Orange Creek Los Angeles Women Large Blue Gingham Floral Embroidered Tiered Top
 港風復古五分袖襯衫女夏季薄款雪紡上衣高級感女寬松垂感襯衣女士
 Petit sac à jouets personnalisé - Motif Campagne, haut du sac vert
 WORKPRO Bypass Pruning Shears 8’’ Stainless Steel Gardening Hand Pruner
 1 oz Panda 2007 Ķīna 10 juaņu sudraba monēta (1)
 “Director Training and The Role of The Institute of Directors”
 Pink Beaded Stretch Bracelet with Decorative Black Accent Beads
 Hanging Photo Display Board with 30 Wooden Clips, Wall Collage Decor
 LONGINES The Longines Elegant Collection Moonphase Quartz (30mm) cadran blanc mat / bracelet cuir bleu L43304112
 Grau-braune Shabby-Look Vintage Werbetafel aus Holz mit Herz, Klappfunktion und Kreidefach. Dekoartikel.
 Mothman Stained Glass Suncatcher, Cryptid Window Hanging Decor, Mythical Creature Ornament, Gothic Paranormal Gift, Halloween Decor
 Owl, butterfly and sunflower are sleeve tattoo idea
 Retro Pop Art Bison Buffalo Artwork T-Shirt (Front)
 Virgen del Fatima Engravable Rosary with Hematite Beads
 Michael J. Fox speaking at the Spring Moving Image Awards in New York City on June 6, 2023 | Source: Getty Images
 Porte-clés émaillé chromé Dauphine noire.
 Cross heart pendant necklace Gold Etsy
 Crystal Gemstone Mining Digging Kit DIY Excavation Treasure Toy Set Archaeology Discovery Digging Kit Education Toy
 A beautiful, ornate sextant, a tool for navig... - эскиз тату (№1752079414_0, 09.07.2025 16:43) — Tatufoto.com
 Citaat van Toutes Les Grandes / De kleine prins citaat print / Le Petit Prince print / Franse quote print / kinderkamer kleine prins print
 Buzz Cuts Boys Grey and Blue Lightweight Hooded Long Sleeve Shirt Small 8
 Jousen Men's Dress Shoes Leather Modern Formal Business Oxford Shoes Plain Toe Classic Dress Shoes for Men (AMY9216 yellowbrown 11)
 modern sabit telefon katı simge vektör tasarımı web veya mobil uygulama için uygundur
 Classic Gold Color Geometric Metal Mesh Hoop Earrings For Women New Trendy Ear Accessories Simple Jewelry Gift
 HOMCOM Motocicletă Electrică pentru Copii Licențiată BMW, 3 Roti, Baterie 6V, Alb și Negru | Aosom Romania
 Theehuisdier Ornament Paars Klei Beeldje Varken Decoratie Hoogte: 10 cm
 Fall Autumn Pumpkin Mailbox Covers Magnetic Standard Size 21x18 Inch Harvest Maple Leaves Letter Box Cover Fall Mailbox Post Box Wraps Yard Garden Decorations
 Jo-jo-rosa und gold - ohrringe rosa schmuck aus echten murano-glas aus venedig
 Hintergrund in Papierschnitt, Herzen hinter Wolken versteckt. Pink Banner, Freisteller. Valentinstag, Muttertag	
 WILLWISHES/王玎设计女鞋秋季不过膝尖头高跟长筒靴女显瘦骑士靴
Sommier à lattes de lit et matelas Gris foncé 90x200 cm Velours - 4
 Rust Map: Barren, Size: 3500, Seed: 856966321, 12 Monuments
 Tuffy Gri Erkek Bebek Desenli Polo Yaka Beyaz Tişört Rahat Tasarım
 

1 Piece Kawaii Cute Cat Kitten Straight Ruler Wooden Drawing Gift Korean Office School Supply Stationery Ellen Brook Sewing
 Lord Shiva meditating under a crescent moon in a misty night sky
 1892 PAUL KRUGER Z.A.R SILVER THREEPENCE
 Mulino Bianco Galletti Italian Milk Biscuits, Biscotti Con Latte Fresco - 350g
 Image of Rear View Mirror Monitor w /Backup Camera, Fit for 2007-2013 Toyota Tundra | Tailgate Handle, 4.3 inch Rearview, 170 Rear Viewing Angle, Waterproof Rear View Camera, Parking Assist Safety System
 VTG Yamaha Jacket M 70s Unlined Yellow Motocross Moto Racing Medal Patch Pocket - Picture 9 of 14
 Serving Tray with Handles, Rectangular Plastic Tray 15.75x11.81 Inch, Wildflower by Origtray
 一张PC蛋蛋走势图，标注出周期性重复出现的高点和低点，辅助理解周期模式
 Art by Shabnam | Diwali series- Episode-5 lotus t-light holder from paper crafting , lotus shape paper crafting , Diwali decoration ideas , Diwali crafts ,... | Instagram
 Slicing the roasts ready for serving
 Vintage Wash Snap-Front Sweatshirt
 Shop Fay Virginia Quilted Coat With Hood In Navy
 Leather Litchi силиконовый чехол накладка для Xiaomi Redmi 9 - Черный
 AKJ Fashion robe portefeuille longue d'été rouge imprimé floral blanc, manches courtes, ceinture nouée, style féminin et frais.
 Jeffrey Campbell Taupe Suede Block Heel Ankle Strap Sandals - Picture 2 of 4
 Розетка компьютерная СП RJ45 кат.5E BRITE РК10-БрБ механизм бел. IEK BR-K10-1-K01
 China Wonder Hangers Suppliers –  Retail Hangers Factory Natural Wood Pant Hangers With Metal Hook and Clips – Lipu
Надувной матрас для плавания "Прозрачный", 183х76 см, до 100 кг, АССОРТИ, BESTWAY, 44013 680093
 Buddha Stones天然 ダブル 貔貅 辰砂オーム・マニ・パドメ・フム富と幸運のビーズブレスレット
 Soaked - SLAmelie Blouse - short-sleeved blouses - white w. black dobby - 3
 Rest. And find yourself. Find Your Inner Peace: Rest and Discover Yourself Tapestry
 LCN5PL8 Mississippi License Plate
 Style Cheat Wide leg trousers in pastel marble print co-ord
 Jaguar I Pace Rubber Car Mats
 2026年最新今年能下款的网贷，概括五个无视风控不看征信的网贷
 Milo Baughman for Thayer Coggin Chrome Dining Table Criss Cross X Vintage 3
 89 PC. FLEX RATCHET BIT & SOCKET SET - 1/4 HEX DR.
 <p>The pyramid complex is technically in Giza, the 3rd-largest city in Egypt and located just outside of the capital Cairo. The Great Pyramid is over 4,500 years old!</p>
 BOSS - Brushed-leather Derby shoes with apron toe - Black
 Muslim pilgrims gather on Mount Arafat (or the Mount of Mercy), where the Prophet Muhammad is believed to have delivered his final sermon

---+---

*What is expected:* Take exactly the lines from the one containing "港風復古五分袖襯衫女夏季薄款雪紡上衣高級感女寬松垂感襯衣女士" through the one containing "LONGINES The Longines" in the data above, and output them with nothing added.

*Result:*
 港風復古五分袖襯衫女夏季薄款雪紡上衣高級感女寬松垂感襯衣女士
 Petit sac à jouets personnalisé - Motif Campagne, haut du sac vert
 WORKPRO Bypass Pruning Shears 8’’ Stainless Steel Gardening Hand Pruner
 1 oz Panda 2007 Ķīna 10 juaņu sudraba monēta (1)
 “Director Training and The Role of The Institute of Directors”
 Pink Beaded Stretch Bracelet with Decorative Black Accent Beads
 Hanging Photo Display Board with 30 Wooden Clips, Wall Collage Decor
 LONGINES The Longines Elegant Collection Moonphase Quartz (30mm) cadran blanc mat / bracelet cuir bleu L43304112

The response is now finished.